Each Clipper Chip has a unique key that is programmed onto the chip and
used to recover data encrypted by that chip. This key is split into two
components, and the two components are held by two separate government
agencies: the National Institute of Standards and Technology and the Department
of Treasury Automated Systems Division. Clipper's data encryption algorithm,
Skipjack, is a classified algorithm designed by the National Security
Agency . It has a key size of 80 bits. The general specifications for
the Clipper Chip were adopted in February, 1994, as the Escrowed Encryption
Standard (EES) , which is a voluntary government standard for telephone
communications, including voice, fax, and data. Implementations of the
EES are required to use tamper-resistant hardware in order to protect
the classified algorithms. The chip and associated key escrow system have
been designed with extensive safeguards, including two person control
and auditing, to protect against any unauthorized use of keys . Clipper's
key escrow system does not provide user data recovery services.
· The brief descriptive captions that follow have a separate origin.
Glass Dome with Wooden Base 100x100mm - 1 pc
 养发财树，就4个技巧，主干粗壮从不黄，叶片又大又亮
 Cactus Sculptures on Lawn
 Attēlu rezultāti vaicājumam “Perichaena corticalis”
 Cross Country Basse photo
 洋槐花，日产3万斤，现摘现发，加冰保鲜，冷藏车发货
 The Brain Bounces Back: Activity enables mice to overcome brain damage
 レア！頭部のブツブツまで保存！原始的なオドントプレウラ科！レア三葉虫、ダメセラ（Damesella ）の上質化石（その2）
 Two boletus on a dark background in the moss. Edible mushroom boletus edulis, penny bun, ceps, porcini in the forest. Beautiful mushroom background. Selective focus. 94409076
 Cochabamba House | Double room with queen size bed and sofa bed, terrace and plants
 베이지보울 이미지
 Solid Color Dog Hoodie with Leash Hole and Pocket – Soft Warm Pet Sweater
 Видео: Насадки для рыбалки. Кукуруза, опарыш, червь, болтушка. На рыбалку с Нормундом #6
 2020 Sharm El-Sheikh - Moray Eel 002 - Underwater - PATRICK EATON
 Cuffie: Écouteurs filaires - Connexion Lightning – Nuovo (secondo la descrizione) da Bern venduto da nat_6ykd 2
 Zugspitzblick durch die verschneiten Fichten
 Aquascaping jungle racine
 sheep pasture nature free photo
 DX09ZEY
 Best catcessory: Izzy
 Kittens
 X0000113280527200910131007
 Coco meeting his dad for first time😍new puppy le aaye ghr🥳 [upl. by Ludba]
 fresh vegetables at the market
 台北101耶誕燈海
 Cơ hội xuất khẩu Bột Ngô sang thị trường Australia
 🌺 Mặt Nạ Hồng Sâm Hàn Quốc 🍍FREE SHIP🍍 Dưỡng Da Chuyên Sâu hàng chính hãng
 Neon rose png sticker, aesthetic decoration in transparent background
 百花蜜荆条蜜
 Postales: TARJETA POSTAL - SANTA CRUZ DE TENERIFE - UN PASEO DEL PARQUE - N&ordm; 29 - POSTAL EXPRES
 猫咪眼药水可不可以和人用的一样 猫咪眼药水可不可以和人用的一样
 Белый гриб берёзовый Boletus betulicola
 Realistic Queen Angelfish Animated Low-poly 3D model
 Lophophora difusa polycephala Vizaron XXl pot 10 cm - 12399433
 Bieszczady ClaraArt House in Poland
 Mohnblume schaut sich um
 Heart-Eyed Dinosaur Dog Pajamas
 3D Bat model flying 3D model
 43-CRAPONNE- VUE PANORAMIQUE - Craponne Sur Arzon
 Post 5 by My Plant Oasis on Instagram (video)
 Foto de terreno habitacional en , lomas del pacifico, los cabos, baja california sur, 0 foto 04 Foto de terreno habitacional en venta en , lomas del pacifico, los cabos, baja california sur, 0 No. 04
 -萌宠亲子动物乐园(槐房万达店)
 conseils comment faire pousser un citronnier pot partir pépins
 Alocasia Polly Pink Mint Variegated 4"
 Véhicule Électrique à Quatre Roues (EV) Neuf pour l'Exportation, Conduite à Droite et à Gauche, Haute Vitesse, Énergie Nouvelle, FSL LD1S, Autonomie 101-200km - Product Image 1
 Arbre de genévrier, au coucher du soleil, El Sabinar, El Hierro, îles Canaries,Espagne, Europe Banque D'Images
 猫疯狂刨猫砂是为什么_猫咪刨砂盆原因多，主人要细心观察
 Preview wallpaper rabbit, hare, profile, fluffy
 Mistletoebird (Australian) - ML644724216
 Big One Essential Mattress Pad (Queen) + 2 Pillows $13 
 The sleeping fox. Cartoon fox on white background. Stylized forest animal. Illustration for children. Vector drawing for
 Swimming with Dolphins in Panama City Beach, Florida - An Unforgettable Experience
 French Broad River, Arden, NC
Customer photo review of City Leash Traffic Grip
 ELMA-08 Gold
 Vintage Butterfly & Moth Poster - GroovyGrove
The National Security Agency also designed a more advanced chip called
Capstone as part of the Multilevel Information System Security Initiative
(MISSI). Capstone implements the EES plus algorithms for the Digital Signature
Standard (DSS) and for establishing session keys. It has been embedded
in the Fortezza card (a PCMCIA card) where it is used to provide the cryptographic
services needed for communications and file security. The private keys
used for key establishment and digital signatures, which are stored on
the Fortezza card, are not stored in Clipper's key escrow system. They
are, however, escrowed with the user's public-key certificate authority
so that they can be recovered in case the card becomes corrupted. This
allows encrypted files and previously received electronic mail messages
to be read. Fortezza cards are available with or without a modem capability.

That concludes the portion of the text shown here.